米株は続伸だが為替の上値が限られた一日

アジア時間は東京市場が建国記念日で休場ということもあり、株式、為替市場共に動意に乏しい展開が継続し欧州時間入りとなった。欧州株がギャップアップで寄付く前、一部の通貨で再びクロス円の売りが強まりAUDJPYで昨日の安値84.76を示現した。

8日のMPC後の記者会見でBOEカーニー総裁が、「限定的ながら幾分か早く、今後大きく引き締めを急ぐ必要」を強調したことから注目が集まった昨日のBOEブリハ委員の講演。ここで「EU離脱の不透明感が世界景気の回復と賃金上昇の継続で相殺された場合、BOEは一段の利上げの実施」に対し極めて前向きな見解を表明した。

GBPUSDが買われ昨日の高値1.3874を示現、以降この水準を何度か試すが抜けることなくNY時間に1.38割れまでの反落となった。その後NY時間にマカファティ委員よりほぼ同様の発言があったが、GBPUSDが値を戻すことはなかった。

米株は前日比プラスで寄付くが、取引開始後程なくして上げ幅を全て失いマイナス圏に沈んだ。クロス円が売られEURJPYで昨日の安値133.90、GBPJPYでも同149.67を示現した(以降は株価の回復に伴いクロス円も底入れし反発)。

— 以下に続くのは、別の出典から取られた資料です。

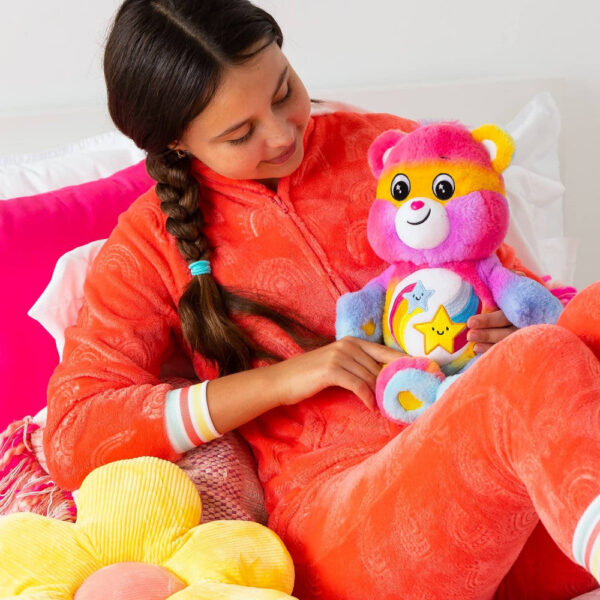 Toucalin - Peluche Bisounours - 22cm - Image 4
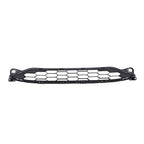 Front Lower Grille Grill With Matte Black Trim for Honda HRV 2016 2017 2018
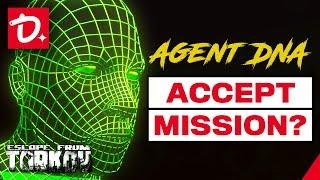 Secret Cabinet Mission - AGENT DNA - Escape From Tarkov 0.12.4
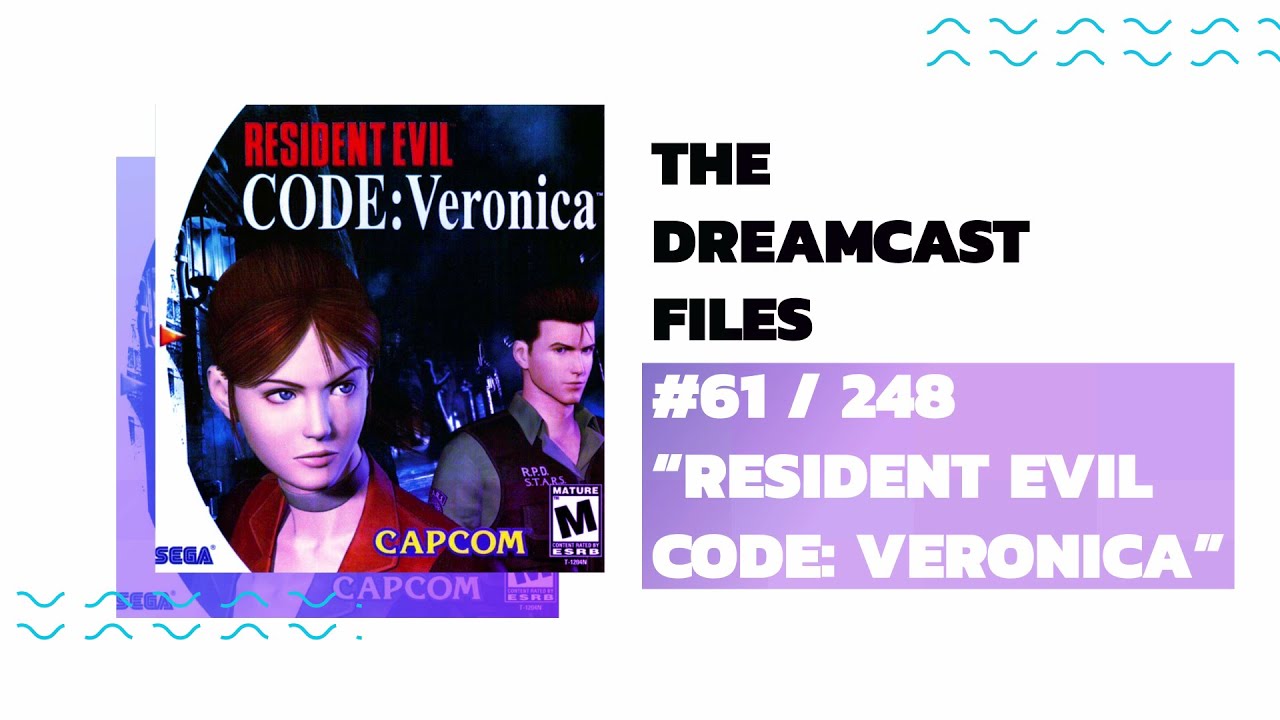 MachineCast #160 – Resident Evil CODE: Veronica - MachineCast : MachineCast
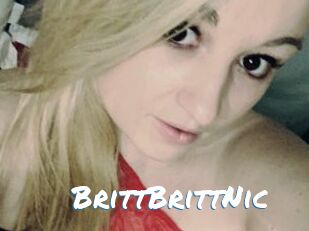 BrittBrittNic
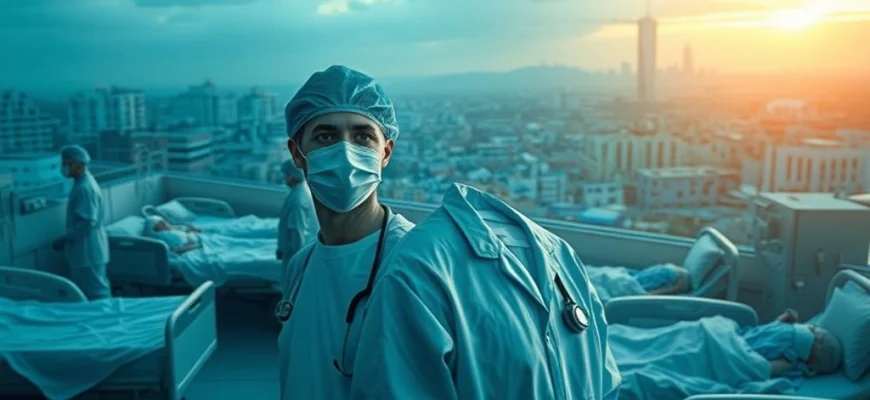 10 œuvres similaires à The First Wave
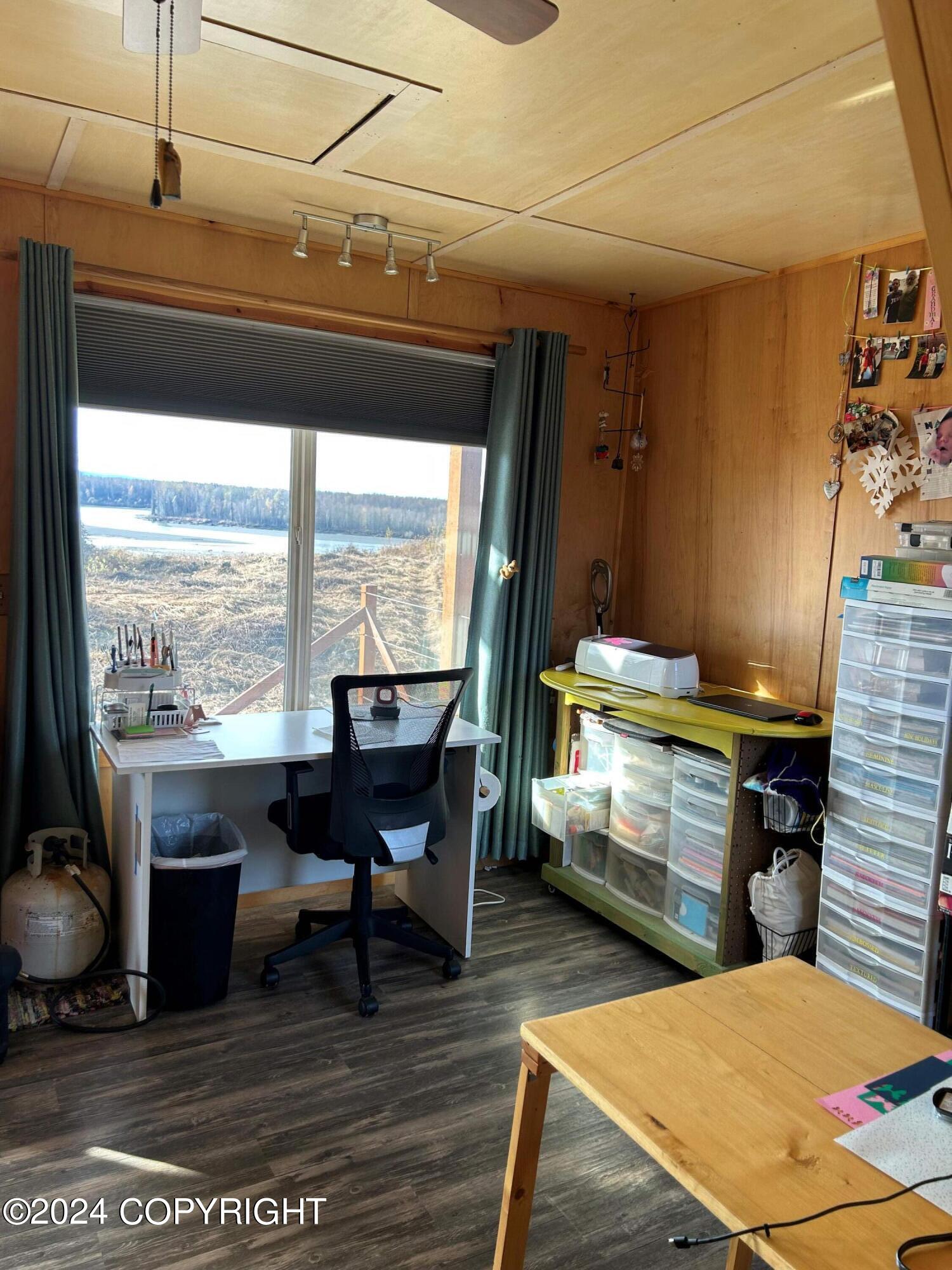L33 No Road Avenue, Skwentna, Alaska image 15
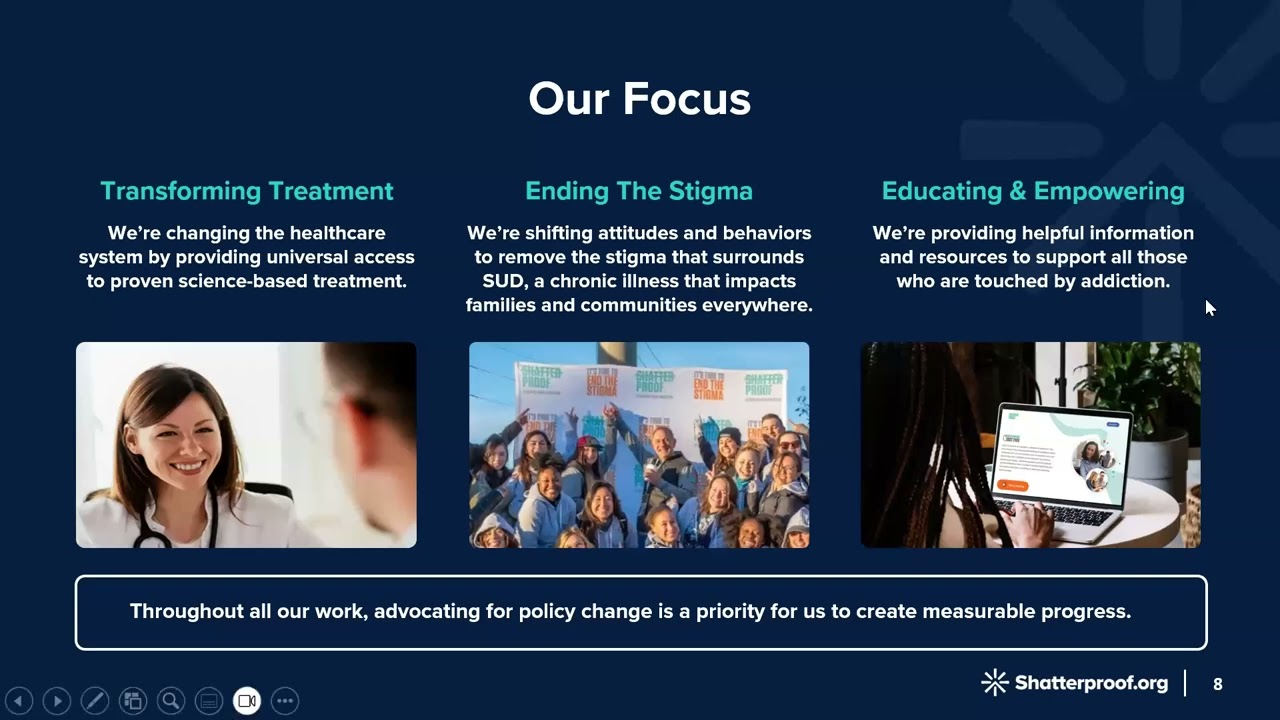 Ending Addiction Stigma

欧州株は3日ぶり反発、米株3指数は大きく続伸、ダウは+1.70%、原油先物7日ぶり反発59.29、金も反発1326

一日では、主要通貨の騰落は対USDで上昇通貨ではその幅の大きい順にNOK、AUD、EUR、DKK、SEK、JPY、GBPと続き、一方で下落通貨でも同様にCAD、CHF、NZDと続いた。

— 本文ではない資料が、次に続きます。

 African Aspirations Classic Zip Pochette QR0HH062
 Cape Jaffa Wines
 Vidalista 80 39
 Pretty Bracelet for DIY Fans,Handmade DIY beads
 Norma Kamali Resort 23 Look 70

トランプ政権は昨日、予算編成方針や財政見通しを示した予算教書を議会に提出した。国防費を増額し、公約である10年で1.5兆ドルの減税を実施したことで2028年の財政収支の黒字化を断念した。

このなかで2019会計年度(2018年10月から2019年9月)以降の10年での財政赤字の総額を7.95兆ドルに達すると見込んだ。こちらは昨年5月の予算教書では3.15兆ドルと見込んでいただけに財政の悪化が顕在化してきた。

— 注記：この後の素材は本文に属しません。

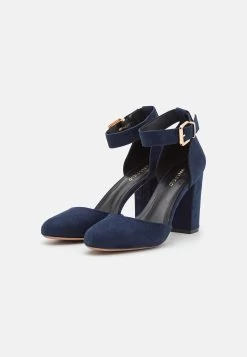 Anna Field Klassieke Pumps - Dark Blue 10 Anna Field Klassieke Pumps - Dark Blue -Schoenenwinkel 128e0da4daf94223857b98b53d8ca71f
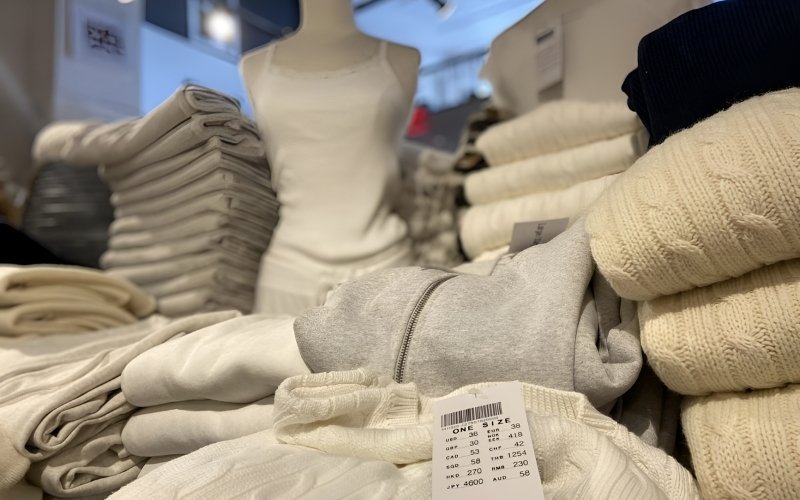 OS sizing depends on material & design
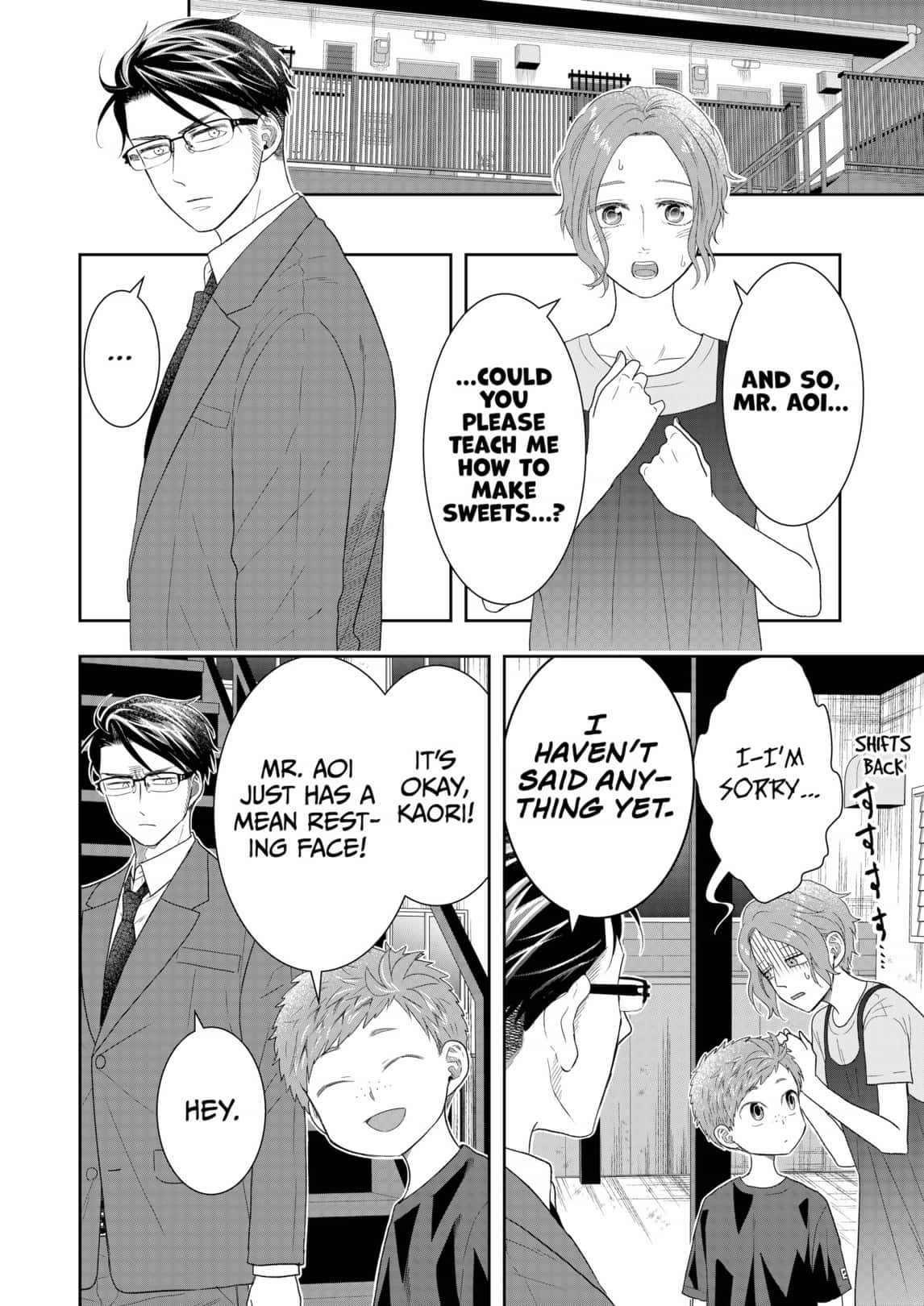 Boku To Jingi Naki Oji San 30 2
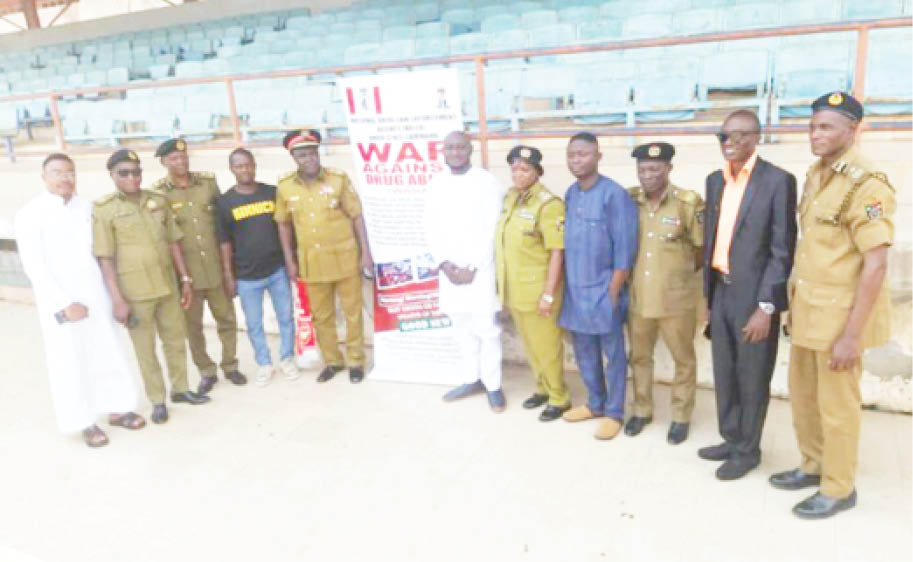 Drug Abuse: NDLEA partners Ondo SWAN to tackle menace among athletes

この試算は高めの経済成長率が継続することを前提にしており、甘さを指摘する声が多い。この赤字増加分の大半が米国債の発行によるものとみられ、(景気の回復を見込まなくても)先行き需給の悪化⇒米国債安⇒金利高という構図は想定しやすい。

トランプ減税の明の部分を株価の上昇というカタチで先取りしてきただけに、今後は負の局面を受け入れる時期に差し掛かってきたのかもしれない。依然株式市場の変動幅は上下共に大きく、混乱収拾には程遠い。為替市場も再び上値は重いと判断出来そうだ。